Surprising Experiment Proves Wolf Cubs Can Play Fetch

Wolf pup Flea comes from a non-fetching litter, born in 2015 (via Christina Hansen Wheat)

Toss a ball across the room, and most domesticated dogs will naturally fetch it.

Turns out wolf pups* will, too.

Researchers were shocked to find that the ability to interpret human cues that enable a dog to pick up and return a ball also exists in wolves.

As described in a paper published this week in the journal iScience, a pair of Stockholm University scientists tested 13 wolf cubs from three different litters to assess various behaviors.

During the experiment, three eight-week-old wolves spontaneously showed interest in a ball, and returned it to a stranger—with some encouragement.

“When I saw the first wolf puppy retrieving the ball I literally got goosebumps,” study co-author Christina Hansen Wheat said in a statement.

The discovery comes as a surprise, considering popular belief suggests the cognitive abilities necessary to understand human cues arose in dogs only after they were domesticated, some 15,000 years ago.

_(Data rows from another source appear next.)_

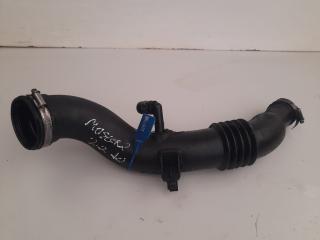 патрубок интеркулера Renault Master 2 поколение (1998 - 2003), 2.2 л., дизель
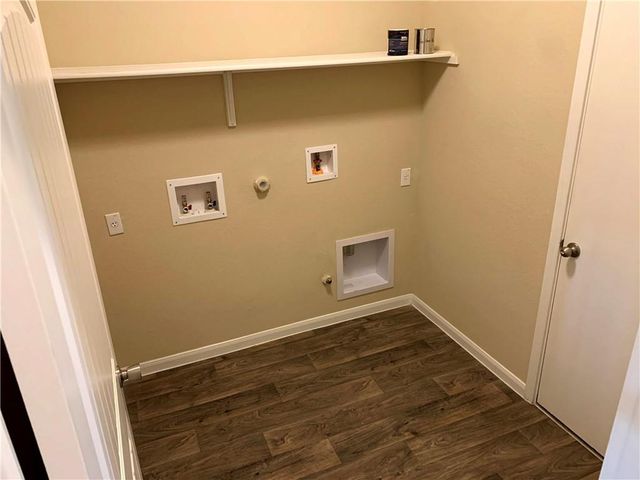 160 Cherry Blossom DR, Kyle, TX 78640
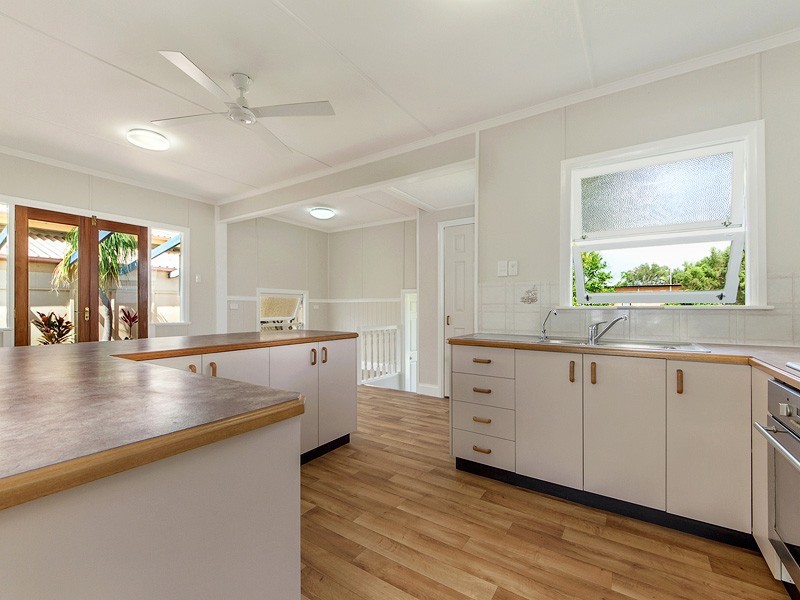 17 Davis Street, Redcliffe QLD 4020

“It was so unexpected,” Hansen Wheat said. “I immediately knew that this meant that if variation in human-directed play behavior exists in wolves, this behavior could have been a potential target for early selective pressures exerted during dog domestication.”

To study how subjugation affects behavior, the team raise wolves and dogs from the age of 10 days, putting them through a battery of tests.

Among them: a person the animal does not know throws a tennis ball across the room and, without any prior experience or training, encourages it to return the object.

Researchers never really expected wolf pups to catch on; after the first two litters showed little to no interest in balls, let alone retrieving one, they assumed the experiment was a bust.

Until they tested the third brood.

Indeed, some of the pooches not only played with the ball, but also responded to social cues from an unfamiliar person and brought it back.

“It was very surprising that we had wolves actually retrieving the ball,” Hansen Wheat said. “I did not expect that. I do not think any of us did. It was especially surprising that the wolves retrieved the ball for a person they had never met before.”

In retrospect, though, it also makes sense.

“Wolf puppies showing human-directed behavior could have had a selective advantage in early stages of dog domestication,” she added.